Oil drums sitting over a bar graph
Weekly investor research

Slippery slope: Will oil keep driving rates higher?

By Gustavo Medeiros, Joshua Martin

Global oil markets experienced a bullish run towards the USD 100 per barrel level. High oil prices and increased supply of US Treasury (UST) bonds led to a strong sell-off in rates. Chinese economic data was better than consensus before the Full Moon Festival holiday this week. The Bank of Thailand increased rates by 25bps to 2.50%. The US government avoided a shutdown, with Republican Speaker Kevin McCarthy relying on the support of the Democrats for the bill to pass.
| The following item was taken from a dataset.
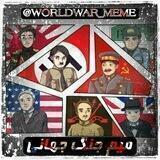 Worldwar | Gap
The short-term deal will extend until 17 November.

Benchmark table
Note: Additional benchmark performance data is provided at the end of this document. *See last page for index definitions.

Global Macro

A Brief Q3 2023 Performance Review & Outlook

Global stocks performed well in July but rolled over in August and September as the MSCI ACWI Index declined 3.3% over the quarter, in line with the S&P500. Overall, MSCI Developed Markets (DM) were down 3.4% and Emerging Markets (EM) marginally outperformed, down 2.9%. 

The equity sell-off was primarily driven by a sharp rally in oil prices (Brent +27.3%), which alongside the announcement of large UST auctions led to a strong UST sell-off as yields on 10-year bonds rose 73bps to 4.62% over the period, the highest level since Q1 2007. The Bloomberg Global Agg. was down 3.6%.
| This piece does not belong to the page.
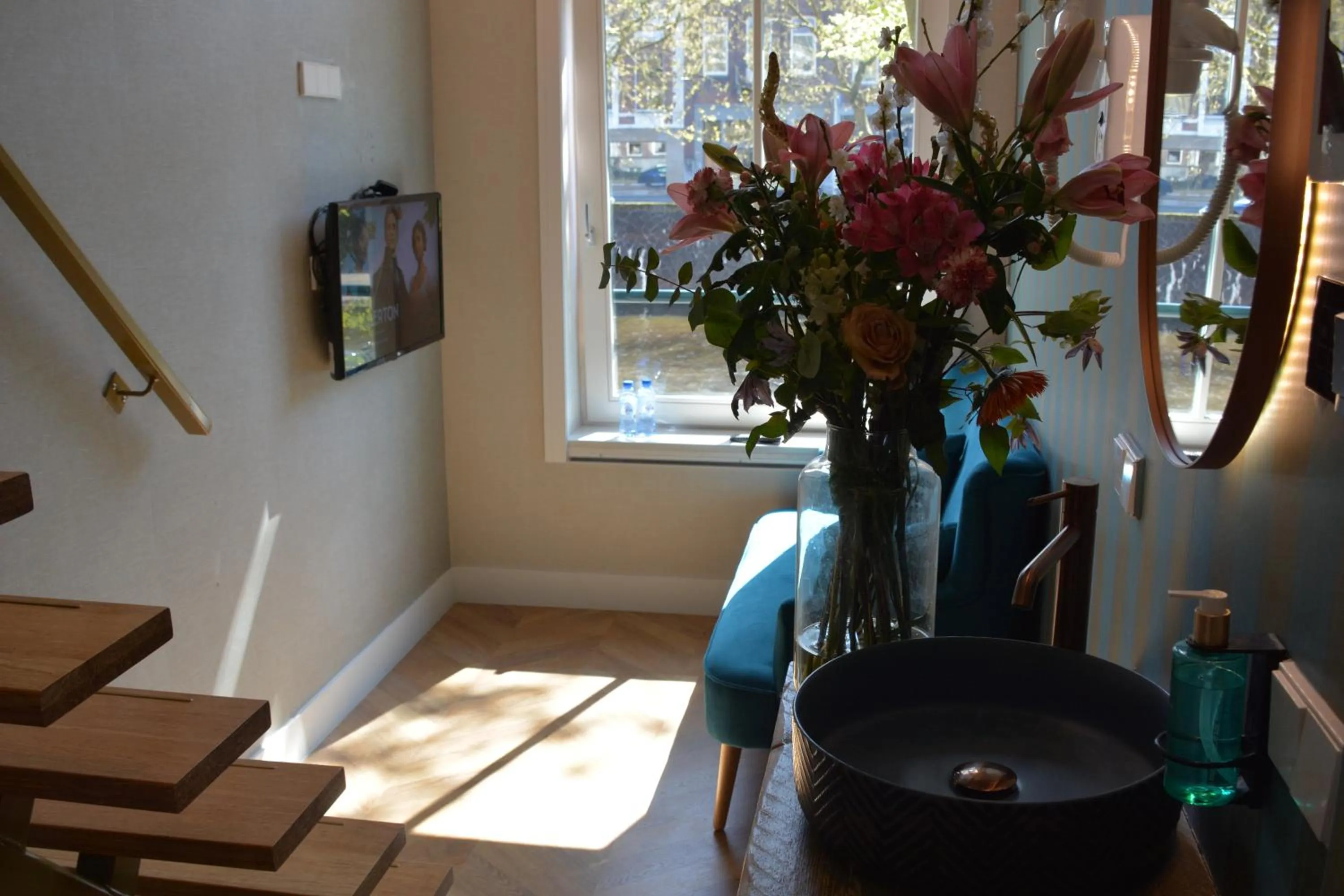 The LIF Boutique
The Dollar Index rose 3.2% as US rates widened more than other EM and DM countries. On the fundamental side, the US economy’s resilience contrasting with weaker European activity and the Bank of Japan’s unwillingness to exit its negative interest rate policy explains the stronger greenback.

EM fixed income outperformed in the quarter but was still negative driven by wider USTs and a stronger US dollar. EM sovereign bonds were down 2.2% with investment grade (IG) -4.3% and high yield (HY) flat. EM corporate debt declined 0.3% with IG -1.2% and HY +1.2%. EM local bonds declined 3.3% as EM currencies sold off by 2.6%. 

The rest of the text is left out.